Abraham Zacuto

Zacuto of Salamanca, actually Abraham ben Shmuel Zacuth (* 1450 in Salamanca, Spain, † 1510 in Damascus ) was a Sephardic astronomer, who worked as a royal astronomer of King Dom João II of Portugal.

Life

Zacuto fled to Portugal in 1492, when the Jews were expelled by the Alhambra Decree from Spain. There he became astronomer royal, but the Jews were in 1496 on the occasion of the marriage of King Manuel I. banished with the Spanish king's daughter also from Portugal.

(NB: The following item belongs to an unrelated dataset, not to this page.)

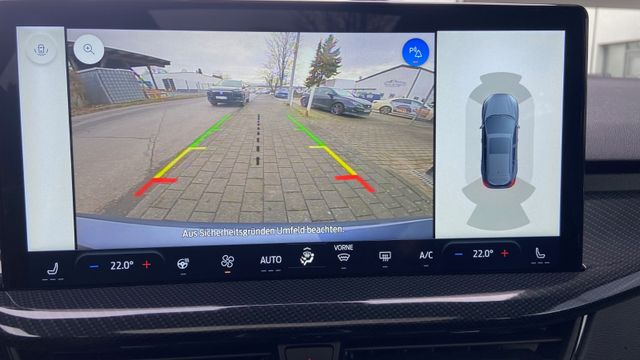 Fahrzeugabbildung Ford Focus Turnier ST-Line X, Styling*PANO*Matrix-LED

Zacuto first moved to Tunis and then in the Ottoman Empire.

Work

He developed the " Almanach Perpetuum ", so-called tables of the planets, with which one could predict the positions of the planets. His student José Vizinho translated it from the Hebrew. The " Almanac Perpetuum " was an important tool for navigation, it is one of the first four books that were printed in Portugal after the Gutenberg method with movable metal type.

Christopher Columbus, who was standing with Zacuto and Vizinho in close contact, used to live long a copy.

Zacuto was a rabbi and his congregation wrote in 1504 in Tunis Sefer Hayuhasin, a history of the Jews from the Creation to the year 1500.